Is that off of the Atlee or Ashland exit? I always mean to stop by whenever I drive by the area but can never remember which exit.


----------



## Scuba Mike (Sep 5, 2002)

Its the Atlee/Elmont exit off 95 north


----------



## PlankCaster (Oct 22, 2001)

Hey fellas,
Bucket, been one time before and couldn't agree with you more, spent about $225 in four hours or so. 
Trigger - www.greentophuntfish.com 
Petey, agree with you also, definatly a nice selection but the prices can kill ya. Normally I just hit my local shop, pretty good prices and good guys down there.
Thanks for all the replies. I'll let you know how much I'm in for when I get up there.
Tight lines and popped riggers.


----------



## CajunBass (Feb 11, 2003)

I don't think Greentops is any less expensive than other places, but they got what you need, and they got people who know enough to answer a question if you got one. Heck. I can kill half an afernoon, and not buy anything.


----------



## Digger (Jan 4, 2000)

> Heck. I can kill half an afernoon, and not buy anything.


You The Man. I don't have the will power!!!


----------



## Tom Powers (Aug 2, 2001)

My technique for going to Greentops.

First shop, shop, shop locally, even if I do not buy. I want to know what things that I need cost; what the local shops carry and what they do not carry. I like supporting my local shops when I can.

This next part is no joke. Second, I figure out the maximum that I want to allow myself to spend. I take that amount out of the bank and put it in my wallet. Next, I take that same wallet and remove all charge cards and checks, give them to my wife for safe keeping.

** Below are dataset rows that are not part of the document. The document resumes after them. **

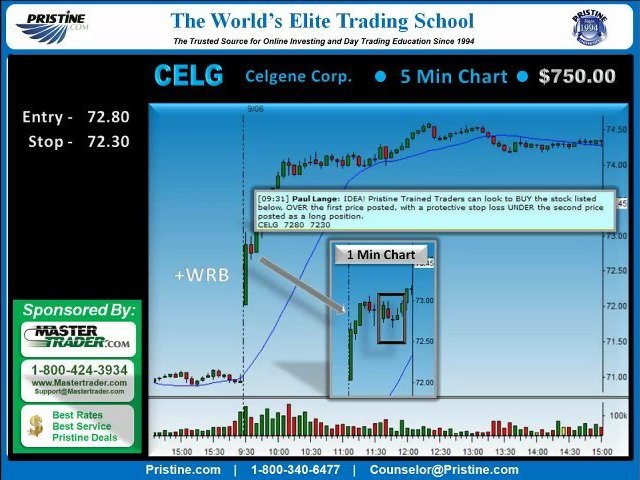 Online Stock Day Trading Profit $750 – Pro Gap Strategy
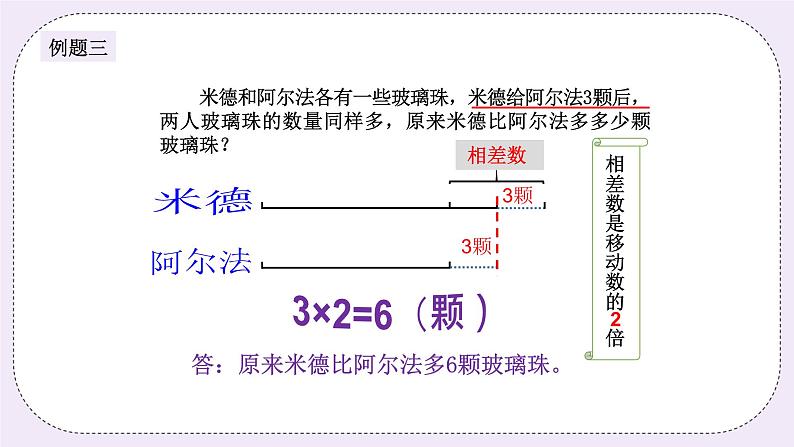 奥数二年级上册 第10讲：移多补少 课件第7页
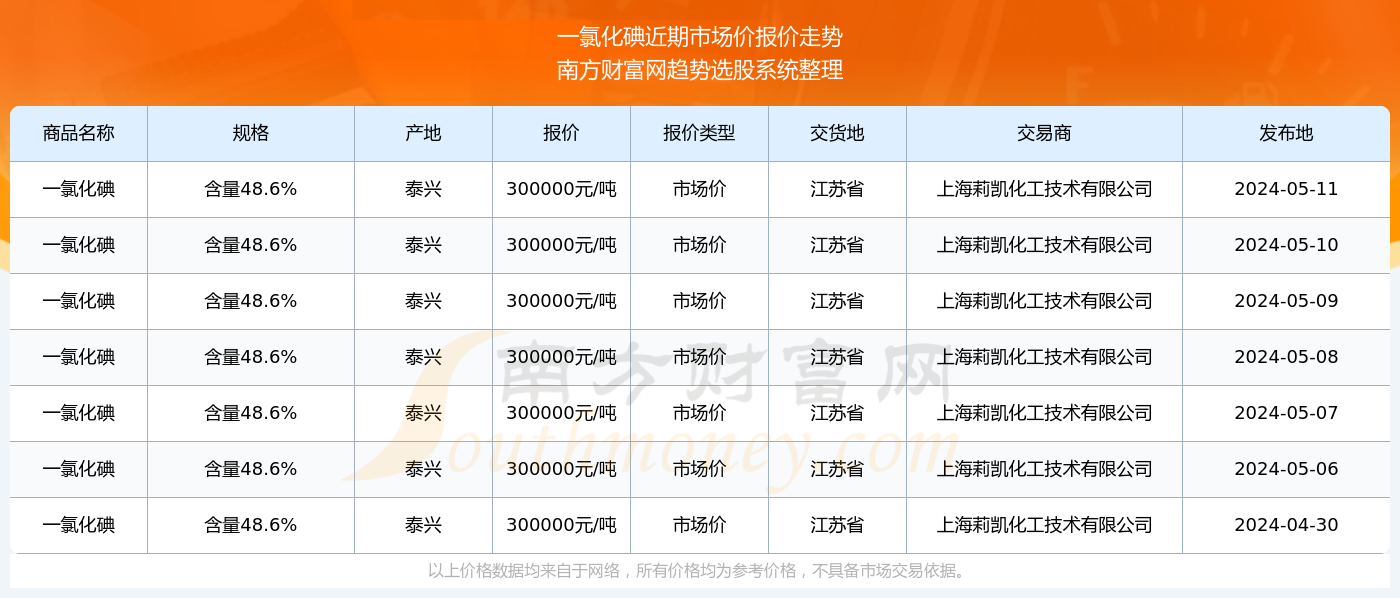 江苏老快三最新开奖分析与理性对待彩票开奖现象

Now I am ready to go to Greentops. I have a budget. I know what I can not get back home. I am ready to spend money. 

Tom


----------



## PlankCaster (Oct 22, 2001)

Ok guys here it is,
The final tally on my two and a half hour run around the store waassss.......$202. Yes I disgust even myself  Along with the usual wide assortment of weights and hooks I pick up, I just had to go for this pretty little rod made by fenwick. 5ft MH action stand up rod rated for 15-30 pound test. I thought that would fill my void for a good head boat rod. I never did like the long butts on the ones most boats provide. Anyway you cant get a rod without a reel so I slapped the rod with a Penn Jigmaster and 30lb Trilene Big Game. Well playin with that thing oughta keep me busy till late march when I plan on using it. 
Tight lines and popped riggers guys.


----------



## skunked (Jun 4, 2001)

So which do you figure will kill your wallet faster, Greentops or Bass Pro?


----------



## Petey (Jan 22, 2002)

If you happen to be as compulsive about guns as you are about fishing, then it's no contest. You can spend a small or not so small fortune in The Green.


----------